#### [INSTRUCTIONS TO FOLLOW]
Extract the whole listing as it stands. Do not include the pictures.

#### [RECORDED INFORMATION]
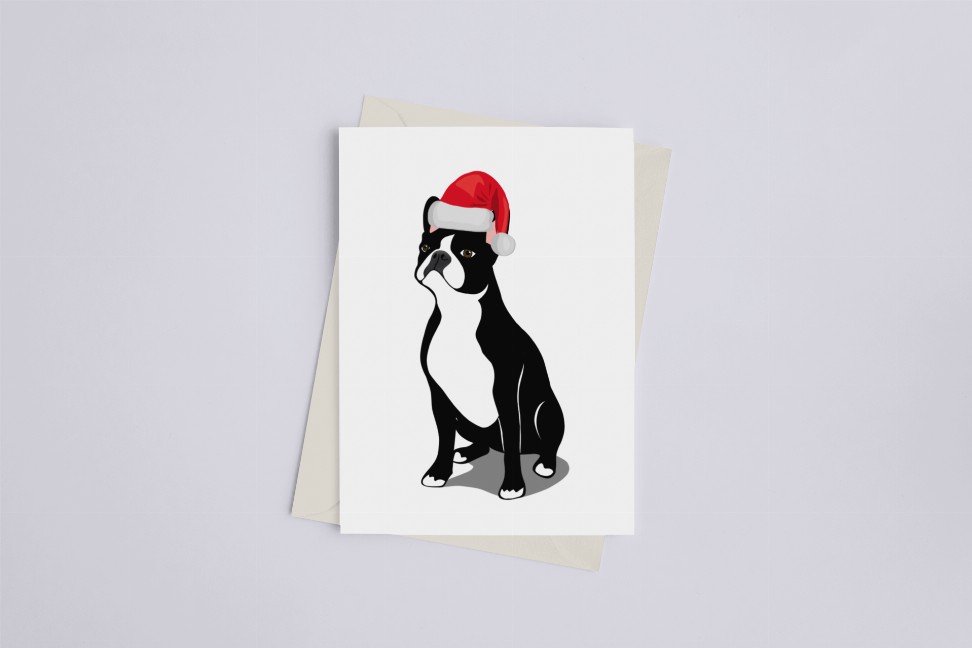Christmas Boston Terrier - Greeting Card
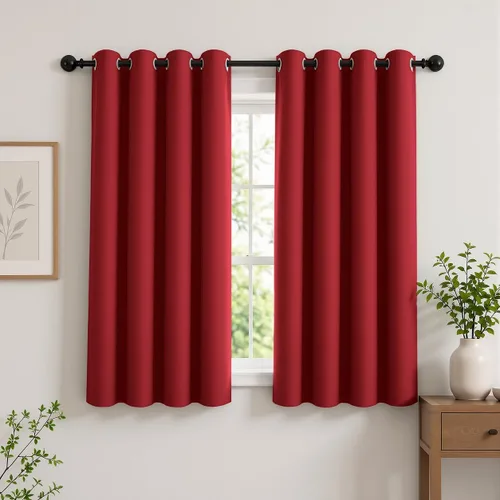 Vista 75 de Cortinas de oscurecimiento de habitación de 45 pulgadas de largo para dormitorio y sala de estar, cortinas térmicas aislantes con ojales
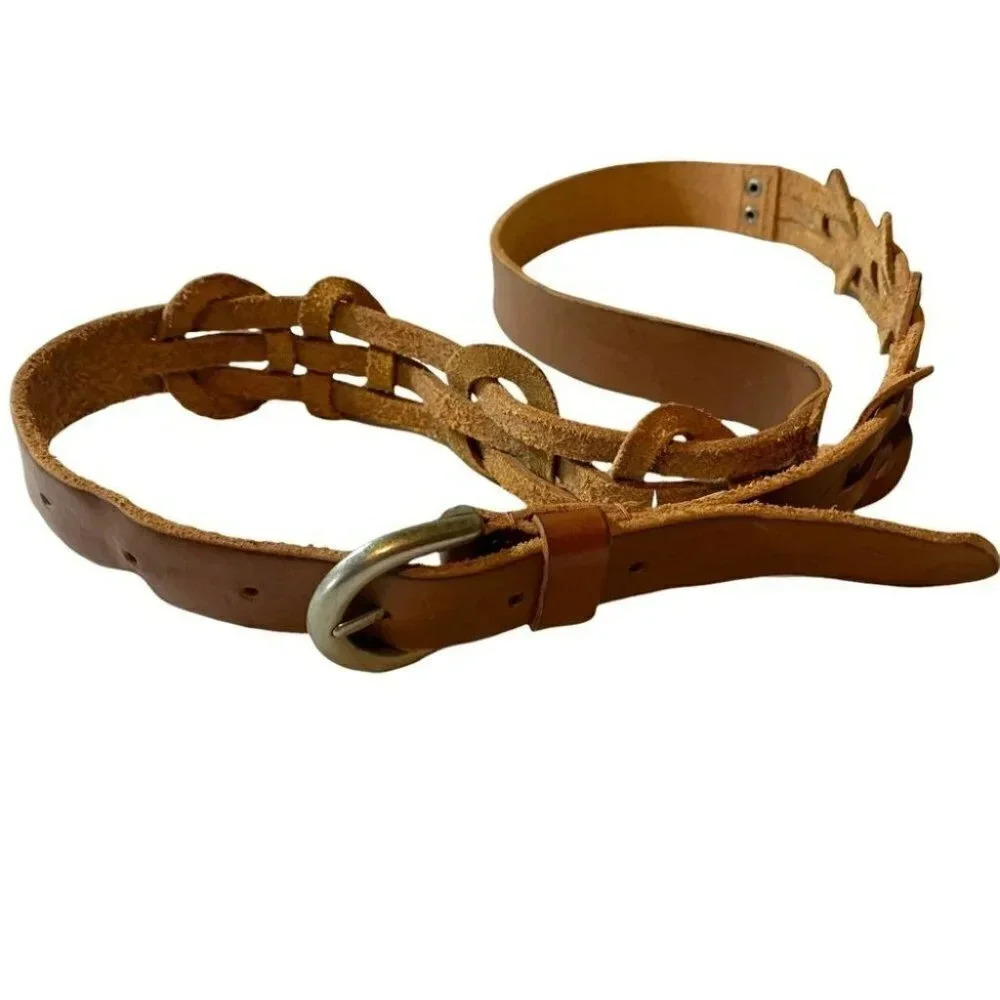 American Eagle Leather Belt M Brown Braided Interlocking Ring Boho‎ Western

#### [RESPONSE TO THE TASK]
Christmas Boston Terrier - Greeting Card
 Vista 75 de Cortinas de oscurecimiento de habitación de 45 pulgadas de largo para dormitorio y sala de estar, cortinas térmicas aislantes con ojales
 American Eagle Leather Belt M Brown Braided Interlocking Ring Boho‎ Western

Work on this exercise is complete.